■ What the exercise asks
Starting with the line that has "Chậu rửa lavabo Dobidos LJ 53" in the records below and ending with the line that has "Hooey HST102PR Women's", output those lines exactly and nothing more; omit the pictures.

■ Provided data
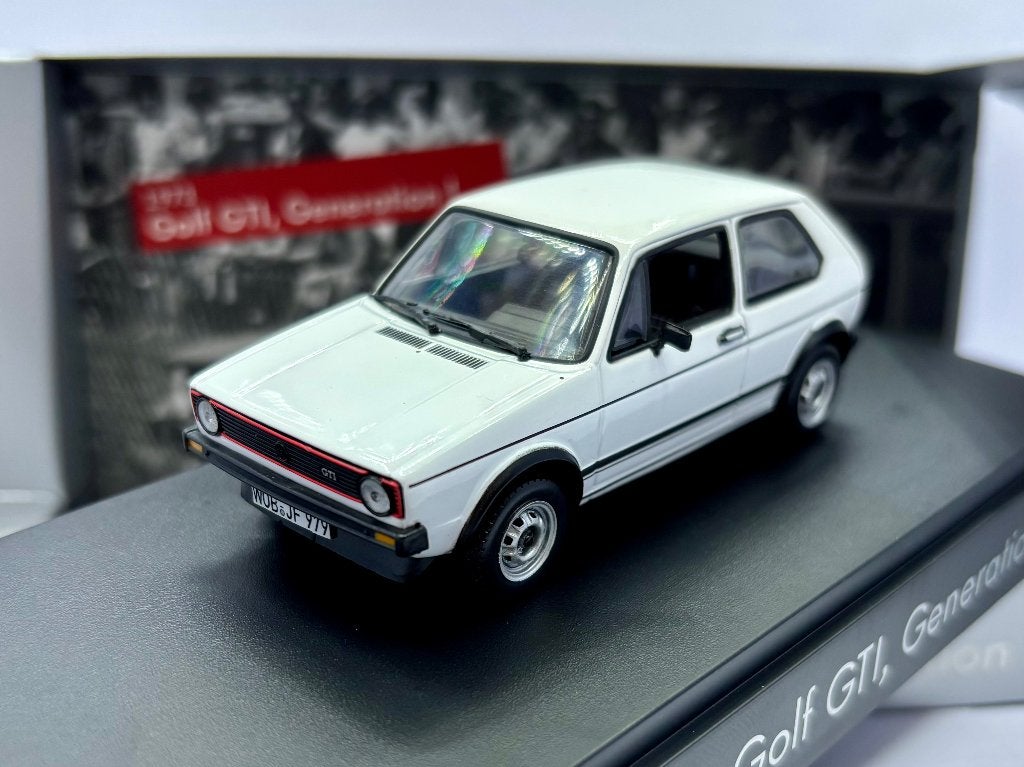 1:43 Volkswagen golf 1 GTI, Hobby en Vrije tijd, Modelauto's | 1:43, Ophalen of Verzenden, Zo goed als nieuw, Auto, Overige merken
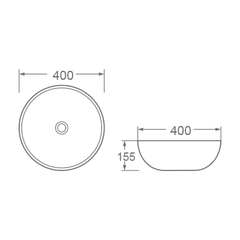 Chậu rửa lavabo Dobidos LJ 53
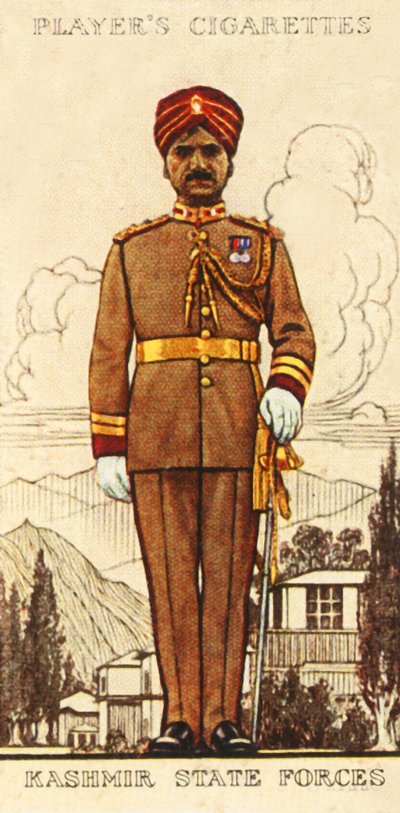 Kashmirs statliga styrkor, 1936. av Unbekannt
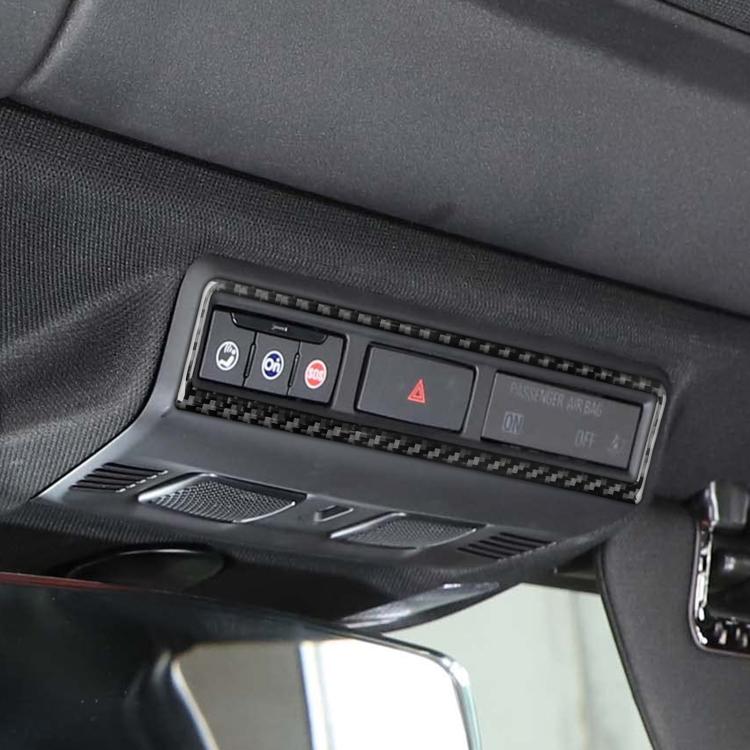 For Chevrolet Corvette C8 Warning Light Switch Frame Sticker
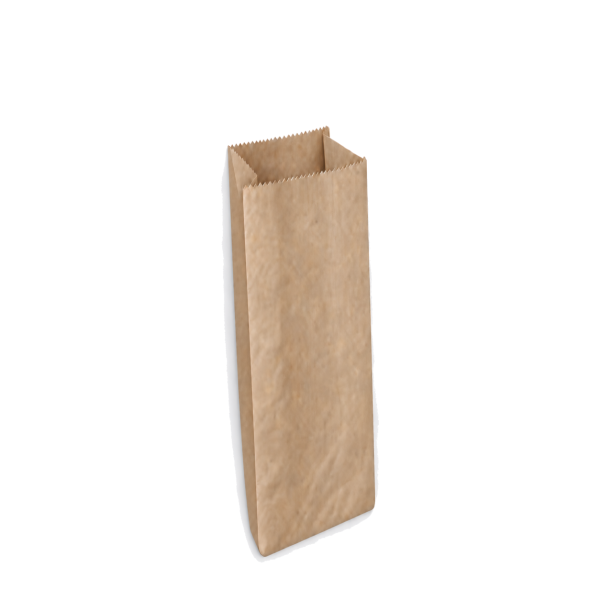 MG Tissue Paper Bag 12x40x6 cm Bread Size, 10 kg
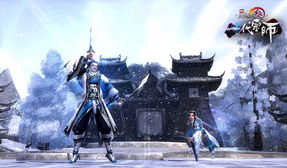 剑网3游戏图,图鉴千年武侠世界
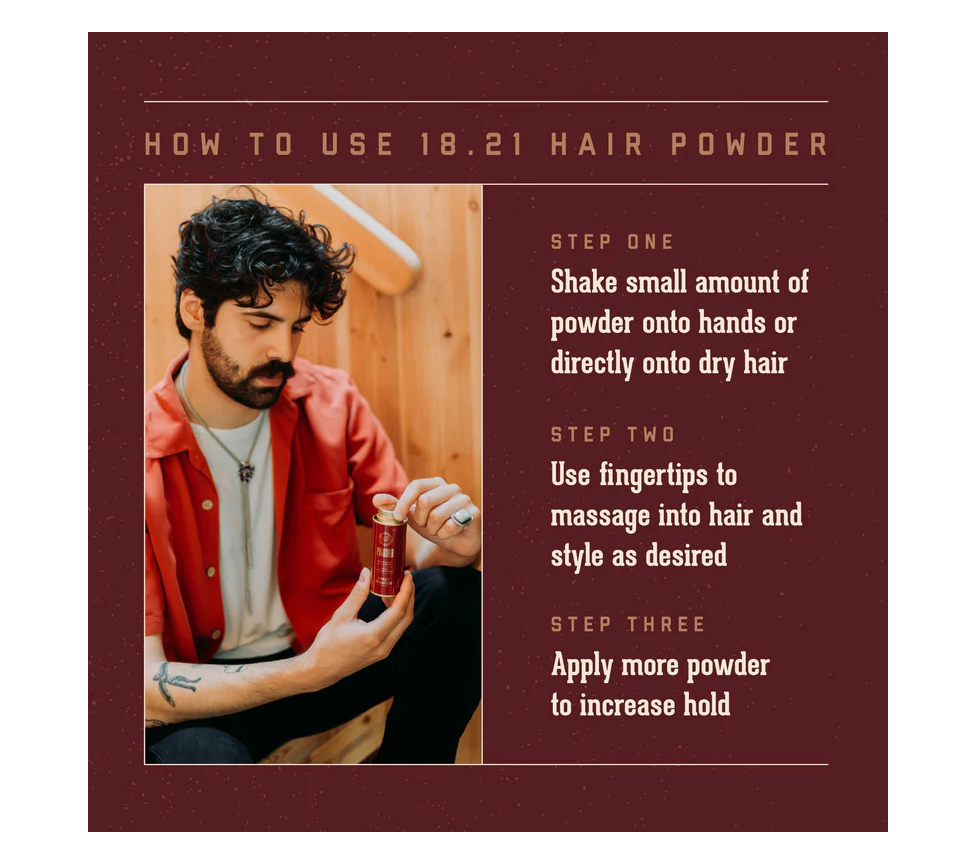 Hair Powder - Sweet Tobacco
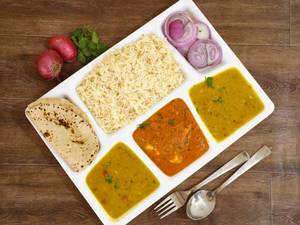 Veg Thali  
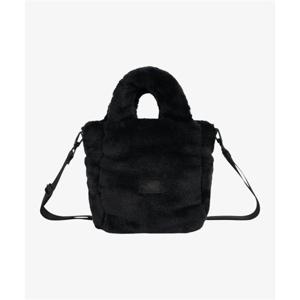 노스페이스 NN2PR69J 화이트라벨 플럼피 토트백 미니_퍼 REAL BLACK 254182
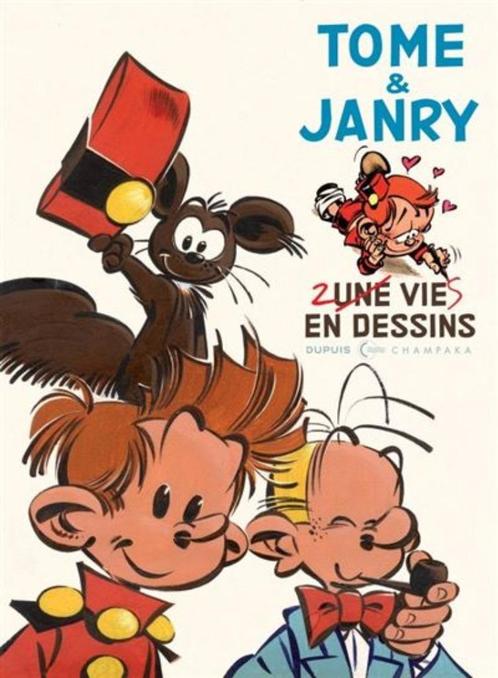 une vie en dessin de tome et Janry, Boeken, Stripverhalen, Nieuw, Eén stripboek, Ophalen of Verzenden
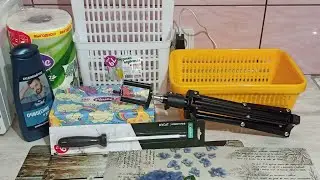 Покупки с магазина Фикс прайс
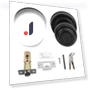 Smart Fingerprint Door Handle — Levers, Vestidos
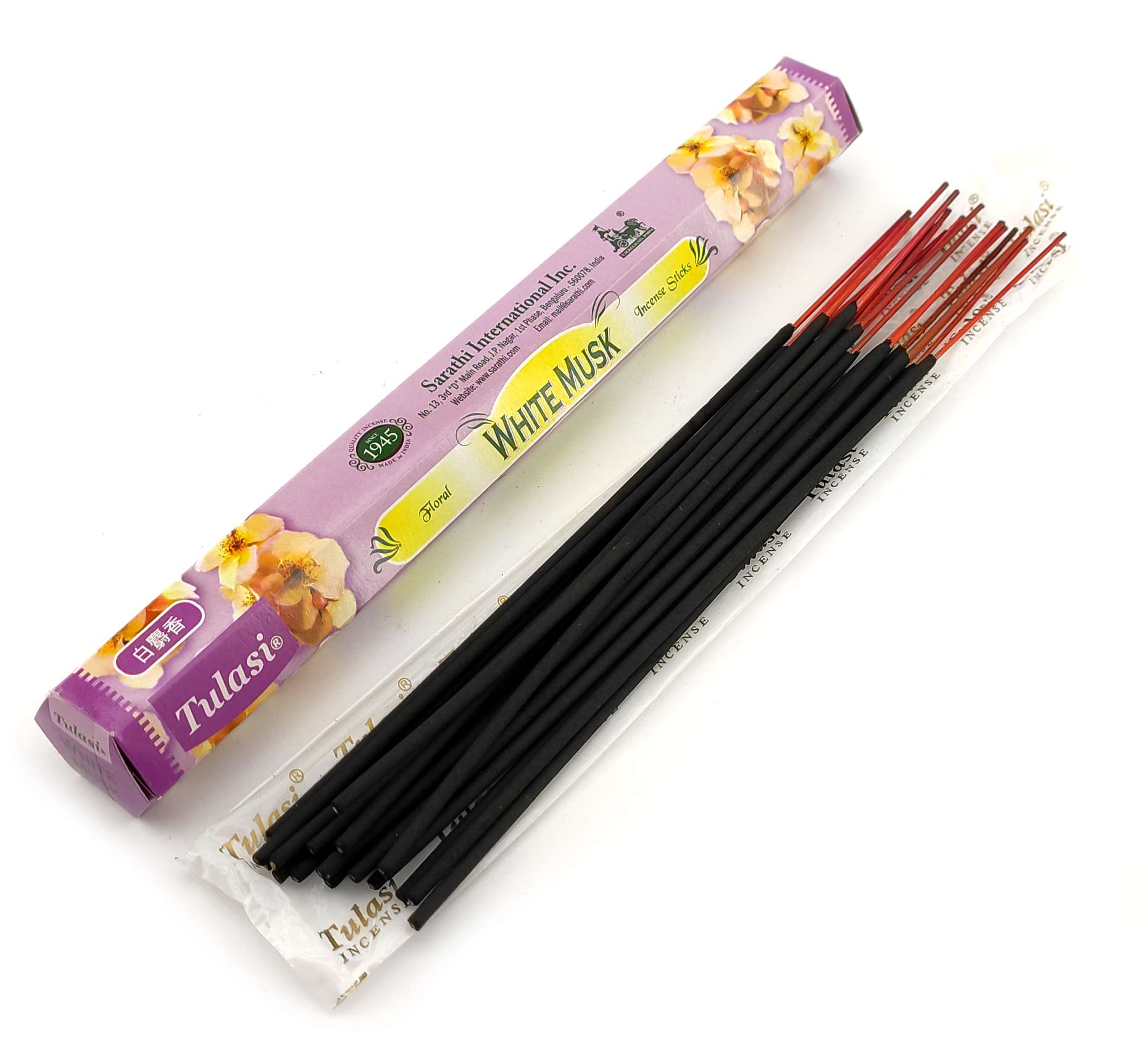 White Musk(Белый Муск)(Tulasi) шестигранник White Musk(Белый Муск)(Tulasi) шестигранник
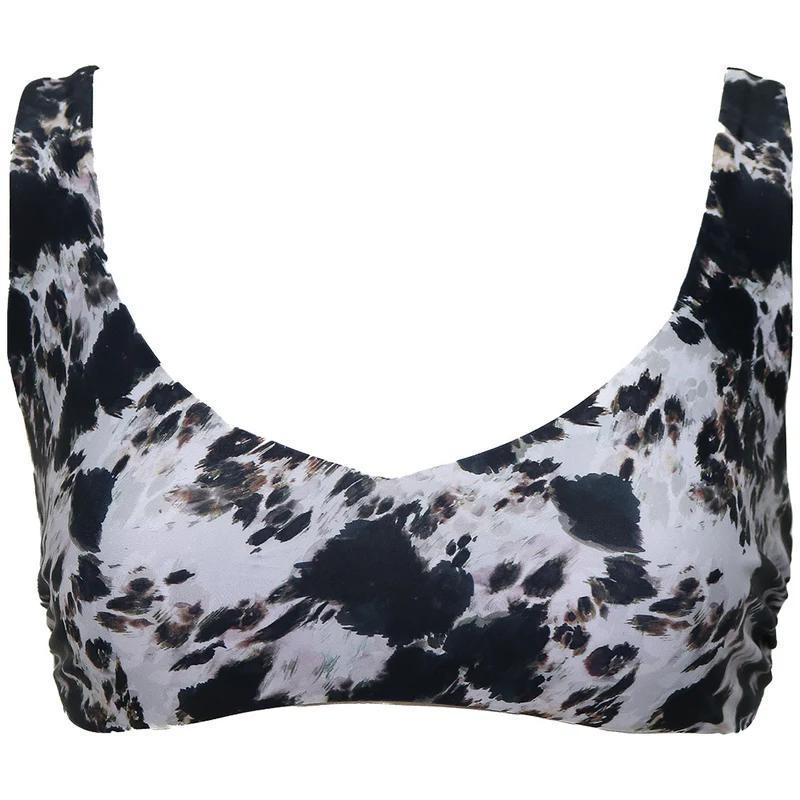 Hooey HST102PR Women's "The Rampy" Reversible Swimsuit Top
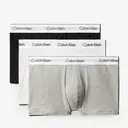 Calvin Klein Boxers Icon coupe décontractée Lot de 3 Gris/Blanc/Noir  image 0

■ Output for this exercise
 Chậu rửa lavabo Dobidos LJ 53
 Kashmirs statliga styrkor, 1936. av Unbekannt
 For Chevrolet Corvette C8 Warning Light Switch Frame Sticker
 MG Tissue Paper Bag 12x40x6 cm Bread Size, 10 kg
 剑网3游戏图,图鉴千年武侠世界
 Hair Powder - Sweet Tobacco
 Veg Thali  
 노스페이스 NN2PR69J 화이트라벨 플럼피 토트백 미니_퍼 REAL BLACK 254182
 une vie en dessin de tome et Janry, Boeken, Stripverhalen, Nieuw, Eén stripboek, Ophalen of Verzenden
 Покупки с магазина Фикс прайс
 Smart Fingerprint Door Handle — Levers, Vestidos
 White Musk(Белый Муск)(Tulasi) шестигранник White Musk(Белый Муск)(Tulasi) шестигранник
 Hooey HST102PR Women's "The Rampy" Reversible Swimsuit Top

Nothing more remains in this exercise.